Nick Dowson imagines a different world of online communities that puts our needs first.


Imagine social media built for our needs and not for profit? ANDY CARTER

My first interaction with online social platforms – other than email – was on MSN Messenger. I remember it with the tones of dial-up internet.

The MSN program had a simple interface and it had text-based, mostly one-on-one, chats. There was no public posting, or algorithms deciding who read what.

With MySpace, and later Facebook, we loved that they were new and we thought they were for fun. But, not so many years later, the love affair with social media is over – except for a short time when Twitter took credit for so many revolutions and protests.

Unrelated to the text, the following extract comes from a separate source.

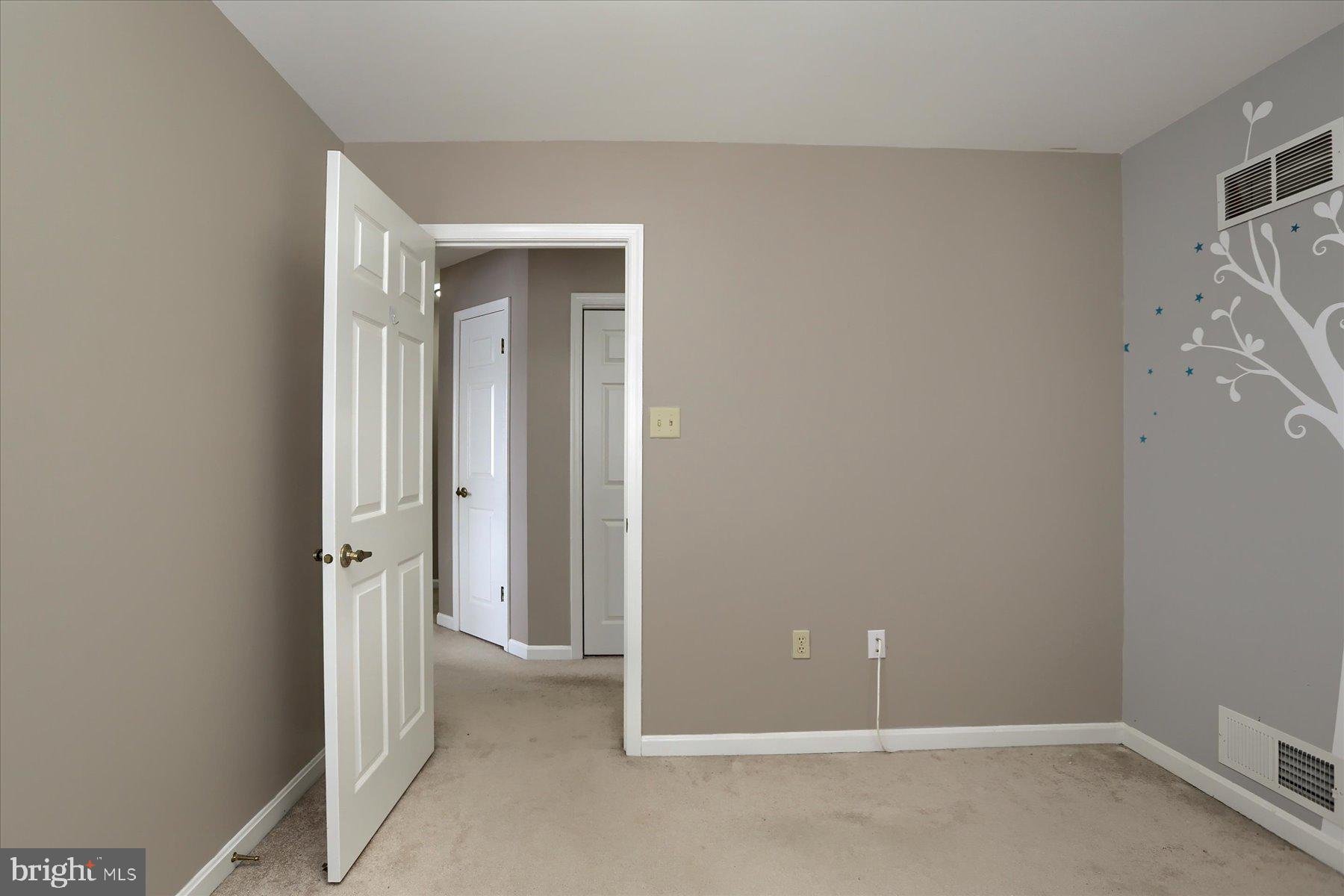 VILLAGE OF MORELAND - Residential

We didn’t need Elon Musk to prove that having the world’s social media controlled by a few rich men was a mistake. Big business owns service providers, fibre optic cables, and the internet.

Its problems come from making money from social media. Advertising fuels consumerism. And platforms prefer to spread far right messages.

So, imagine different social media.

For a better social media, we need to take it away from the US stock markets and men like Mark Zuckerberg. This would help with other goals. To get community ownership and democratic control we could have many smaller, perhaps more local, sites.

We could bring the big social media companies into public and transnational ownership. In a way that gives power to people and not governments. But we should also break them up, using anti-monopoly rules.

It is hard to know what sort of algorithms would be best to promote real community. We just need to try. But the algorithms that control what goes into peoples’ social feeds must be transparent: open source, open for scrutiny, and for change.

We could also adapt from sites like Wikipedia, and Reddit, where user votes decide which posts and comments we see. We could decide together in groups what content to allow and not to allow to meet groups’ needs.

A new social media could be slower and kinder. We could design it to be satisfying, to build connections in the real world, and not to be addictive.

That would also help to make it green. At the moment, there is a big infrastructure of cables, servers, and throwaway devices using energy and materials. At the moment, corporate social media uses many exploited Global South workers - from brutalized coltan miners to exhausted content moderators. Our social media would reduce and make better use of network flows and screentime. Different sites need to talk to each other, just as email providers or mobile operators need to. There’s no point being on a site if your friends aren’t, but if your server can send on messages to theirs, there is less of a barrier. And encryption will be vital for privacy.

Artist and software developer Darius Kazemi has a very interesting idea. He suggests the 2.7 million public libraries around the world could host its own social media server. This would provide local accountability and access and these servers would get help from librarians’ experience in organising information.

Now in 2023, there’s a reason to hope. After the problems of Musk’s new toy, millions of users have accounts with the federated social media software Mastodon. It feels like an experiment. But we will need many more...


(This article is in easier English so it is possible that we changed the words, the text structure, and the quotes.)